Sarsıntılar ile gözlerimi açtım- yani açmaya çalıştım- gözlerimin bağlı olduğunu anladığımda korkuyla konuşmaya başladım.
" S-Sunghoon?"
"Uyandın mı?"
Duyduğum ses ile ağlamaya başladım pislik herif ne yapmaya çalışıyordu.
" Ne yapmaya çalışıyorsun, gözlerim neden bağlı ellerim de çöz beni."
" Gideceğimiz yere kadar bekle orda açacağım. Sürpriz bozulmasın."
" Bu bir sürpriz değil sen resmen kaçırıyorsun beni."

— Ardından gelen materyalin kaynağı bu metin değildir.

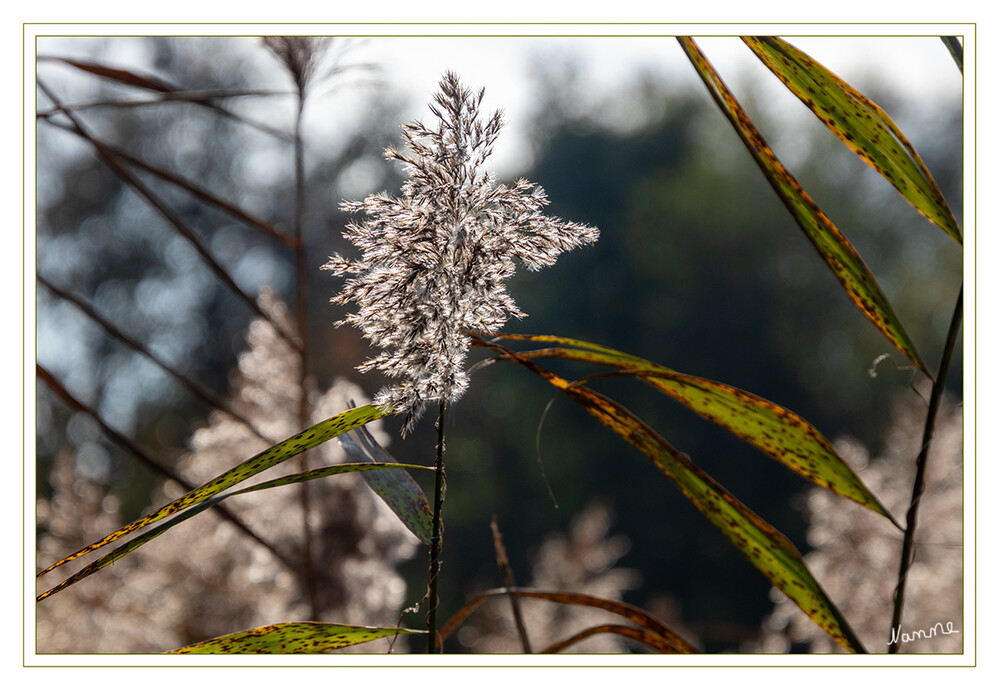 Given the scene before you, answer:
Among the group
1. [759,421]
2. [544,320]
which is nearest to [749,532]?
[759,421]

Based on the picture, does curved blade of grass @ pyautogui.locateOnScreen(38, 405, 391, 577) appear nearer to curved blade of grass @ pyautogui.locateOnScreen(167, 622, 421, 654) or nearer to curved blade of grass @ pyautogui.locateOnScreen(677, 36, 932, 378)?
curved blade of grass @ pyautogui.locateOnScreen(167, 622, 421, 654)

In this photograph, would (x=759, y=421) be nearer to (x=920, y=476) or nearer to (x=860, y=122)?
(x=920, y=476)

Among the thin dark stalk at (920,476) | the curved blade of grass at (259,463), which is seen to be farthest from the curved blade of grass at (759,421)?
the curved blade of grass at (259,463)

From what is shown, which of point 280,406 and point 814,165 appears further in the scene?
point 814,165

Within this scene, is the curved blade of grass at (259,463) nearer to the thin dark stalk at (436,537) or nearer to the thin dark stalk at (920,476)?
the thin dark stalk at (436,537) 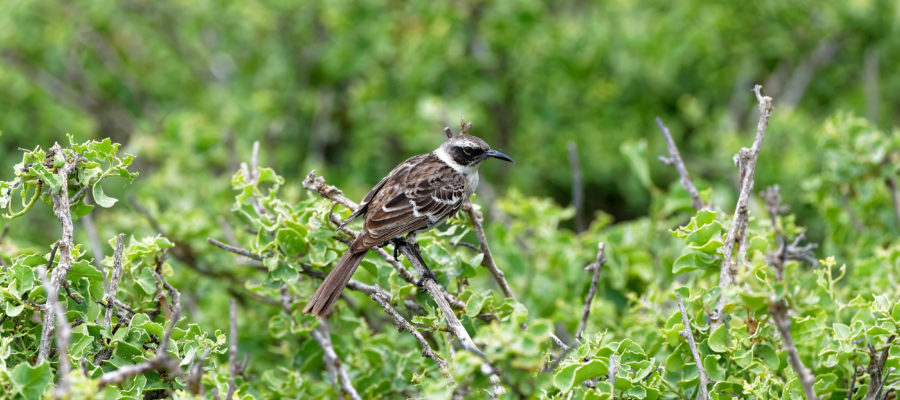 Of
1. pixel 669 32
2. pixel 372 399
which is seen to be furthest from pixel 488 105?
pixel 372 399

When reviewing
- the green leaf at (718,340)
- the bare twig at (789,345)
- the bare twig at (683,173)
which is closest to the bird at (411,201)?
the bare twig at (683,173)

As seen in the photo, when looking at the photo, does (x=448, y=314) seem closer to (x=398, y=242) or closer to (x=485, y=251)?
(x=485, y=251)

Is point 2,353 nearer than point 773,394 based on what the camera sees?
Yes

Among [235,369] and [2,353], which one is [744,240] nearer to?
[235,369]

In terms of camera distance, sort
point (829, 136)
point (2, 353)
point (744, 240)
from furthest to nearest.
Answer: point (829, 136), point (744, 240), point (2, 353)

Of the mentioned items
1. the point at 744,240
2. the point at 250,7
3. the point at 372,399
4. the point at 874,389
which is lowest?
the point at 874,389

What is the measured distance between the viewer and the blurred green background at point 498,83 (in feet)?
24.2

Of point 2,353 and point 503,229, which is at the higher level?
point 503,229

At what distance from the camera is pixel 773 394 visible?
10.2 feet

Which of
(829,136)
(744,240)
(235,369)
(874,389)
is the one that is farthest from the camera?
(829,136)

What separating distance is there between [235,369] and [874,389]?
98.6 inches

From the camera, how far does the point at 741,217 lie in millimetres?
3283

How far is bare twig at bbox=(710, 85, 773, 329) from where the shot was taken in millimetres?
3223

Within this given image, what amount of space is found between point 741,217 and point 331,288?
1.68 m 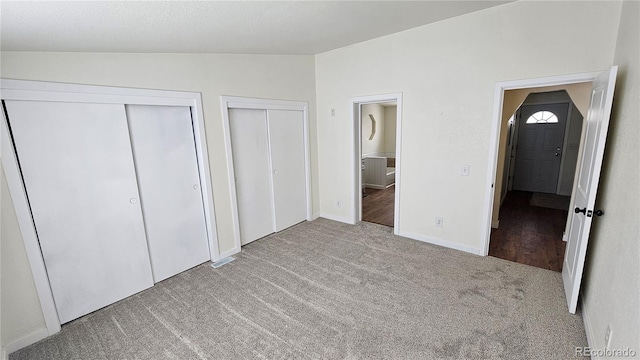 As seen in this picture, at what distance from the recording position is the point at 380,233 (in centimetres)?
382

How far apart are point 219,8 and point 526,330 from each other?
322cm

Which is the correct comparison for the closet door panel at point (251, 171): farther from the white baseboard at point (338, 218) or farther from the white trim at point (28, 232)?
the white trim at point (28, 232)

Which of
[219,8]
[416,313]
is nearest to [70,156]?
[219,8]

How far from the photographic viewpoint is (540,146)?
19.2 ft

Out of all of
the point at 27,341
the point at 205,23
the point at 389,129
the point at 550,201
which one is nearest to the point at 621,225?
the point at 205,23

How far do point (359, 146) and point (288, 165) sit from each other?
45.5 inches

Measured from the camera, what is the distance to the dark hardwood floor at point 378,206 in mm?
4455

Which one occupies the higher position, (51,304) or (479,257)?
(51,304)

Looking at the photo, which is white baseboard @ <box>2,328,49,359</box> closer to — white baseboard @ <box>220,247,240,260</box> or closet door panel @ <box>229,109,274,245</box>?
white baseboard @ <box>220,247,240,260</box>

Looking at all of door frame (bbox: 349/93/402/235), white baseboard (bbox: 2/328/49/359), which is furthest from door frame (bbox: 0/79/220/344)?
door frame (bbox: 349/93/402/235)

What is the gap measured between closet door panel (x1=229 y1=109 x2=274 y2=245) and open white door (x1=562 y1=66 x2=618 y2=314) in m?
3.29

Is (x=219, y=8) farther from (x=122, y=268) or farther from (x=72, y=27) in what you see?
(x=122, y=268)

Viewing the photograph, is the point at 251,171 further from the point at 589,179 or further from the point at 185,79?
the point at 589,179

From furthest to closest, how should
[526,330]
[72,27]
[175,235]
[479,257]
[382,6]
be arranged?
[479,257]
[175,235]
[382,6]
[526,330]
[72,27] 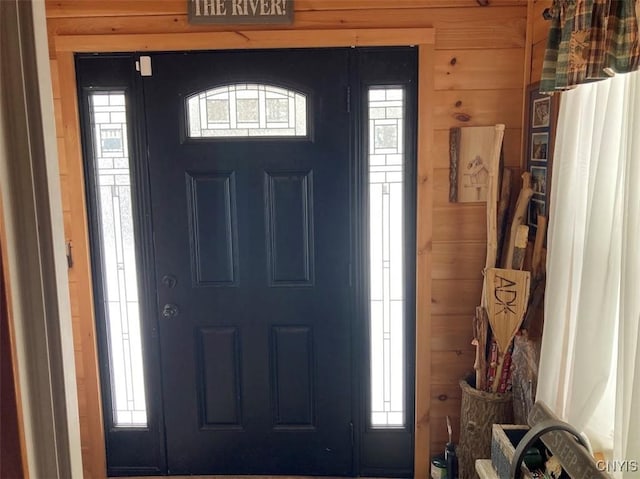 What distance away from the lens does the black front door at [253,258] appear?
7.33ft

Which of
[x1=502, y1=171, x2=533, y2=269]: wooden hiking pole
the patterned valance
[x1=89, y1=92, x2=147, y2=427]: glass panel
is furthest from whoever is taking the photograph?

" Sen öyle düşünebilirsin. "
" Saçmalıyorsun Sunghoon sen benim arkadaşımsın neden böyle yapıyorsun,anlamıyorum "
" Sana göre bir arkadaş olabilirim ama sen benim için arkadaştan daha fazlasısın."
" Ne!?"
" Şu yolculuk bitsin her şeyi açıklayacağım."
Sessiz kalmıştım. O benden hoşlanıyordu ve beni kaçırıyordu. Bu çok saçma daha bir-iki gündür karşılaştık-mı?
≈
Arabanın durması ile bekledim, ellerimin üzerinden ellerini hissetmiştim.
" Sen akıllı bir kızsın, uslu olmalısın. "
Bunları söylerken bir yandan ellerimde ipleri çözmüştü. Ellerim hemen gözlerime gidince elleri ile ellerimi tutmuş. Kendi açmıştı gözlerimi.
Bir süre ışığa alışmış sonra etraf netleşmişti.
Yüzüme yakın duran yüze doğru konuştum.
" Sunghoo-"
" Shh, şimdi konuşmak yok. Eve girelim bolbol konuşuruz."
Benden uzaklaştığı an kapıyı açıp kaçmak gibi delice fikir geldi aklıma. Ellerim harakete geçince kapının kilitli olduğunu anlayıp çıkan ses ile öylece kalmıştım.
" Sana akıllı kız demiştim, sözümü geri mi almalıyım?"
" Ama ben sevdiğim kıza aptal demem. "
Arabadan inmiş arkasından dolanıp benim kapıma gelmişti. Elindeki anahtar ile kapıyı açmış, anahtarı cebine attıktan sonra uzunca bana bakmış gülümseyip içeriye doğru eğilmişti.
" Şimdi sakince bana itaat etmek zorundasın. Bende en az senin kadar akıllıyım güzel kız."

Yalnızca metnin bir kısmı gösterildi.